Port Phillip backs away from Trees, Greening, Kids Playgrounds & Pocket Parks in its Budget then takes up Alcohol
In city of port phillip, Port Phillip CommunityOne has to wonder what’s going through the heads of the Councillors at the City of Port Phillip after they adopted their budget this week chopping $810,000 (a reduction of 42%) from the previous year’s budget for such fundamentally important issues as street tree planting, alternate greening measures, upgrading children’s playgrounds and renewing pocket parks.

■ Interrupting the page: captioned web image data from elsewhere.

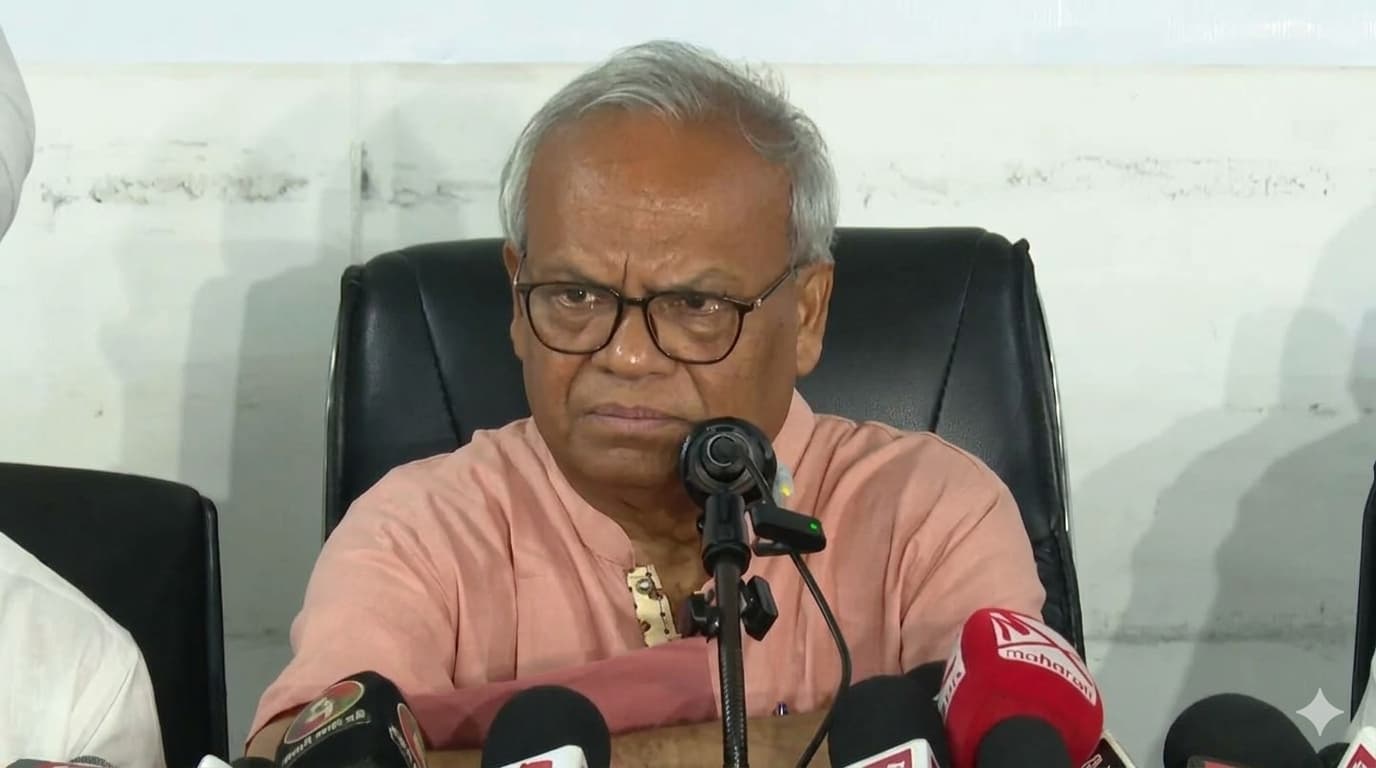 পুলিশ ভ্যান থেকে শীর্ষ সন্ত্রাসী পালায় কীভাবে, প্রশ্ন রিজভীর পুলিশ ভ্যান থেকে শীর্ষ সন্ত্রাসী পালায় কীভাবে, প্রশ্ন রিজভীর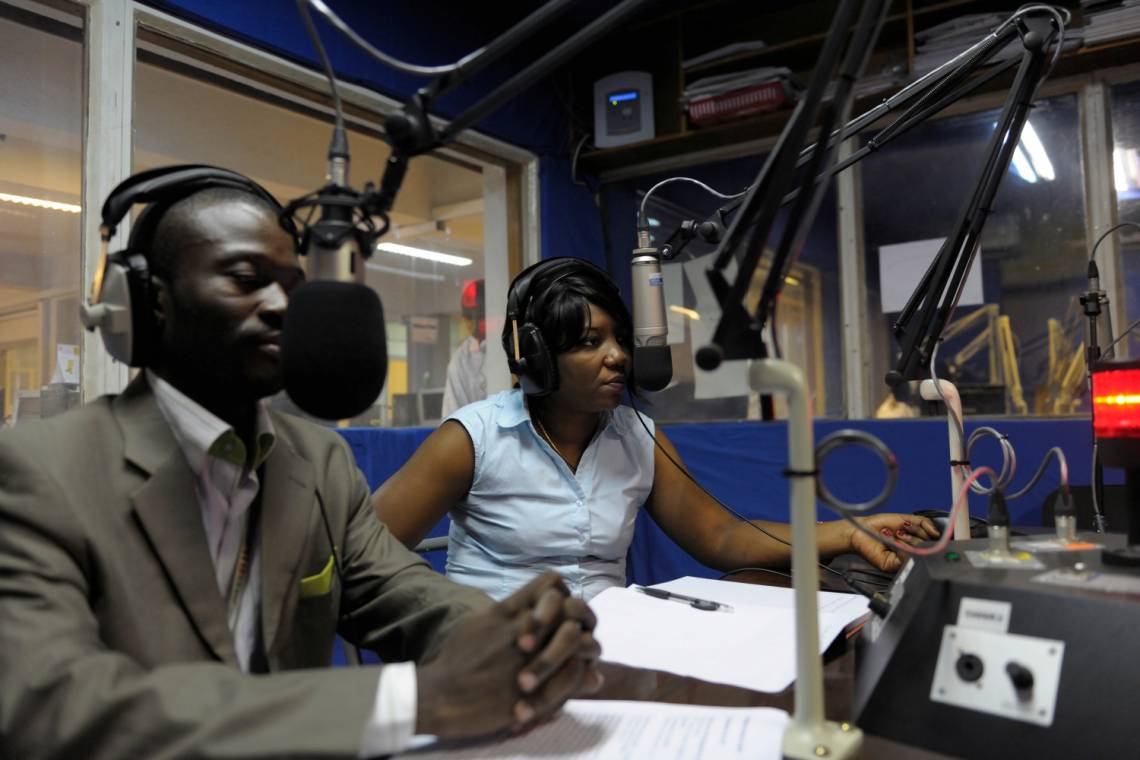 Deux journalistes dans le studio de Radio Okapi à Kinshasa, en 2010. 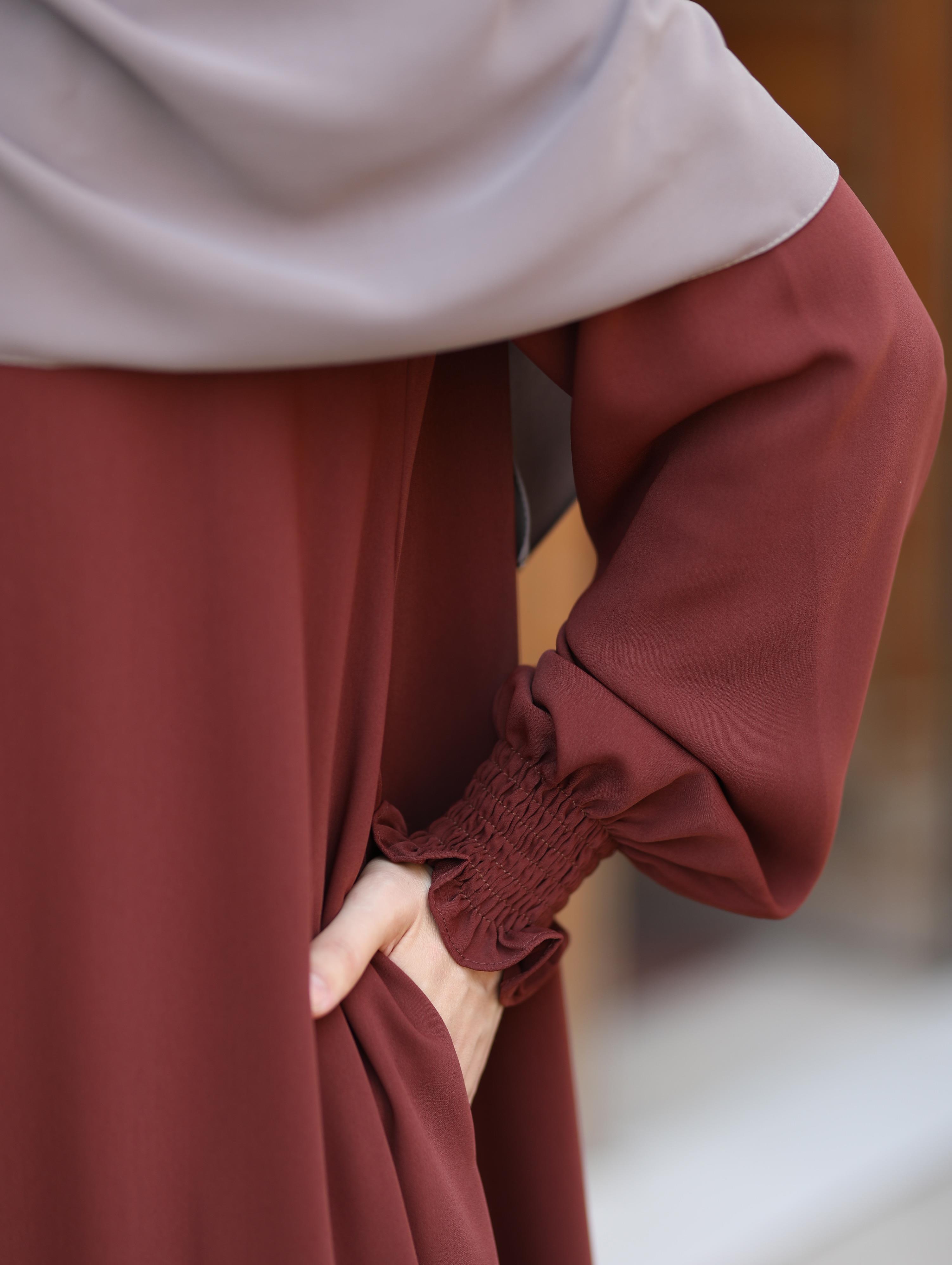 Aynil Kloş Ferace Kızılcık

Their Council Plan, adopted at the same meeting, contains many references to Key Actions to deliver a Healthy, Resilient and Vibrant City yet they have failed at the first hurdle to provide the level of funding that the previous Council put into these types of actions. The Councillors will probably claim that the Defined Benefits Superannuation call-in of $11 million has caused them to have to reduce other expenditure but these items are capital spending which fall into a separate category. The option was also available to the Councillors to pay the $11M call-in off over a number of years and, given current very low interest rates, this would have been a smart decision.
So having hacked away at such greening and liveability initiatives, the bigger surprise of the night was the change to the St Kilda Festival Sponsorship Policy. This will now allow alcohol companies to be sponsors of the Festival, a decision that so fundamentally cuts across the efforts of Council over many years to improve the staging of the Festival so that it never reverts to the drunken orgy of some years ago. There have been many carefully spun words by Council in relation to this decision but fundamentally it is a most unfortunate step backwards. In July last year, Council received a report back from Sound Campaign (reputedly the best in the business of getting sponsors for such events) and their very clear advice was that sponsors were reluctant because the Festival was perceived as one huge party and they didn’t want to be associated with it. However, there was high demand from the alcohol companies because of the match between their offerings and this perception of the Festival.
The problem facing Council is the cost of staging this St Kilda Festival, now approaching $2M from local ratepayers. I can only see this change to the Sponsorship Policy to be a desperate attempt to keep it going in its current format. Time for some tougher decision making about the structure of the Festival and Council needs to be more creative to incubate and support live music in the municipality.